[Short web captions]

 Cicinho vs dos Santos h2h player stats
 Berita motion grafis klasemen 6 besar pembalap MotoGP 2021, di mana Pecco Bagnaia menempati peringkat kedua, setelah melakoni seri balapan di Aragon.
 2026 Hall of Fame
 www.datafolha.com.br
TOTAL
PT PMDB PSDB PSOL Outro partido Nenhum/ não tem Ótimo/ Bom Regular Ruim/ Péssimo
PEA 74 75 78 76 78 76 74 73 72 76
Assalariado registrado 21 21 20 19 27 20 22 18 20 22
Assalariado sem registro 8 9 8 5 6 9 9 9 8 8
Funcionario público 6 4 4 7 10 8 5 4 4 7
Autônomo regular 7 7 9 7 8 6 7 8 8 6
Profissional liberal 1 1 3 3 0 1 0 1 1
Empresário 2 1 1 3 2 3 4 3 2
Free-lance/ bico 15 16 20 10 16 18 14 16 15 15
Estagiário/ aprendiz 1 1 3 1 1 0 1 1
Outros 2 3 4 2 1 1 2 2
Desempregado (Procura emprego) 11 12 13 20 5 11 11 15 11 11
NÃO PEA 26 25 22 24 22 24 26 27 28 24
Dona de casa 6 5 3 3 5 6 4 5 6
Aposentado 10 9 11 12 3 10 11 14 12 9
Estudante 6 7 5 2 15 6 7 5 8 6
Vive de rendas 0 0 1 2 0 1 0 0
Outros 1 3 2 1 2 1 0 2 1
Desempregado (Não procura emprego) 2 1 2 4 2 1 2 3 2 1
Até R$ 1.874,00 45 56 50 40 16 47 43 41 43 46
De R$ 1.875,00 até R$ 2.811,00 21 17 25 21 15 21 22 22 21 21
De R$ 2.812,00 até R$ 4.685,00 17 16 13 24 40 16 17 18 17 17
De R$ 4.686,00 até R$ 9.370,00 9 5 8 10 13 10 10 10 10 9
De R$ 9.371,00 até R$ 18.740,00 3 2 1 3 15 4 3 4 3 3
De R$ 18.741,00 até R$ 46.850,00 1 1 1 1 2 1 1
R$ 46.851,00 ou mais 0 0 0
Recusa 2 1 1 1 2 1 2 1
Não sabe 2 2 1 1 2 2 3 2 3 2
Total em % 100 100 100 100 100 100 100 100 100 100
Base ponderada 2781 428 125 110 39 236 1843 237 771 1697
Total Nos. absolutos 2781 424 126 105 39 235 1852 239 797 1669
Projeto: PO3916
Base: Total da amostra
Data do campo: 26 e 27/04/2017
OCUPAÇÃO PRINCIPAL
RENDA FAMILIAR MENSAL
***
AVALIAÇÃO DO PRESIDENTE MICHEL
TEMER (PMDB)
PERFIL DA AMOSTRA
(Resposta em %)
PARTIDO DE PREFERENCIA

### WHAT IS BEING ASKED
Write out the lines of the records exactly, starting at the one holding "Data do campo: 26 e 27/04/2017" and ending with the last line, and include no others.

### REPLY TO THE EXERCISE
Data do campo: 26 e 27/04/2017
OCUPAÇÃO PRINCIPAL
RENDA FAMILIAR MENSAL
***
AVALIAÇÃO DO PRESIDENTE MICHEL
TEMER (PMDB)
PERFIL DA AMOSTRA
(Resposta em %)
PARTIDO DE PREFERENCIA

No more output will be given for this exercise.